After the prayers will come, as usual, a deep look at how something like this could happen, and what we could do to prevent another one. And if past experience is any guide, this examination and any debate it sparks will look and sound different from what comes after many other mass shootings. It won’t focus mostly on gun control.
That’s because the shooter, identified by authorities as Muhammad Youssef Abdulazeez of nearby Hixson, Tennessee, is presumed by many to have committed an act of Islamic terrorism. Any links between Abdulazeez, who also died Thursday, and terrorist organizations are still being explored. But Abdulazeez reportedly traveled to Jordan for several months last year, and may have made other trips to the Middle East; he is also said to have been born in Kuwait, so that could explain at least some of the trips. Exactly which weapon Abdulazeez used, and how he got it, will be of some note. But that will almost certainly get less attention than his motives as a likely jihadist, and we are unlikely to see the crime used as a rallying cry for clamping down on gun sales.
Similarly, last month’s terrible shooting in Charleston, which left nine people dead, has led to the end of a decades-long presence of the Confederate battle flag at South Carolina’s state capitol but caused barely a blip regarding gun control. President Obama brought up the issue almost immediately, yet it has scarcely received attention since then. Instead, the focus is drawn to Dylann Roof’s motives based on his public embrace of the symbols of white supremacists.
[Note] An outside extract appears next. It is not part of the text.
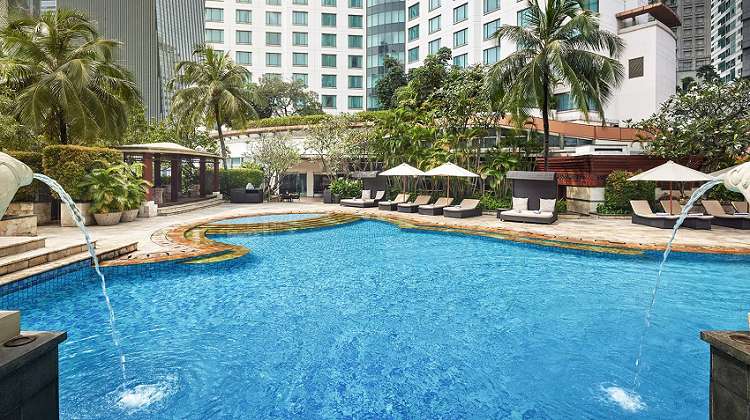 6 Kolam Renang Hotel Untuk Umum Di Jakarta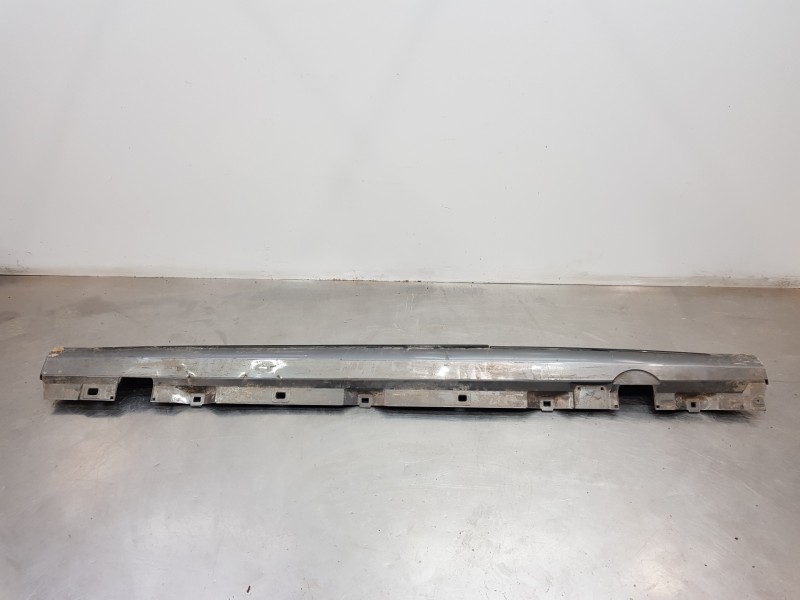 Recambio de faldon lateral para mercedes clase a (w177) 200 d referencia OEM IAM A1776901701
So there seems to be a significant degree of public acceptance that, when Islamic terrorism or racial hatred is at work, the type of weapon used is almost a footnote. This is probably because it is widely documented that Islamic terrorists have used a variety of weapons to carry out attacks, as have white supremacists. The most infamous attack on a black church, recall, was a bombing: of Birmingham’s 16th Street Baptist Church in 1963, killing four young girls. Instead, however superficial the object of focus might be — the battle flag didn’t make Roof kill nine people at Emanuel AME Church, even if it was time for it to be taken down in Columbia — it seems to be broadly understood that we should prioritize addressing the reasons someone might do something so awful, not the tools they would use to do it.
By coincidence, the attack in Chattanooga took place on the same day James Eagan Holmes was convicted of first-degree murder in the 2012 massacre at a movie theater in Aurora, Colorado, which left 12 people dead and many more wounded. While jurors rejected Holmes’ defense that he was legally insane at the time of the shooting, there is little question he suffered from some kind of mental illness — just like the killers at Sandy Hook, Virginia Tech, Tucson and so many other places.
Why we focus on racism and jihad more than guns in some shootings, but guns more than mental illness in others, is something of a mystery. Severe mental illnesses like the ones involved in those shootings are difficult to address, no doubt. But their existence is no more intractable (and arguably less so) than the scourges of racism or jihad, or the prevalence of guns. If we reluctantly accept that terrorists or white supremacists will find some means of killing the objects of their hatred, it is hard to believe schizophrenics would be held in check without access to an arbitrary list of certain firearms. It’s a kind of national schizophrenia on our part that we recognize it’s the motive, not the means, in some cases but not others.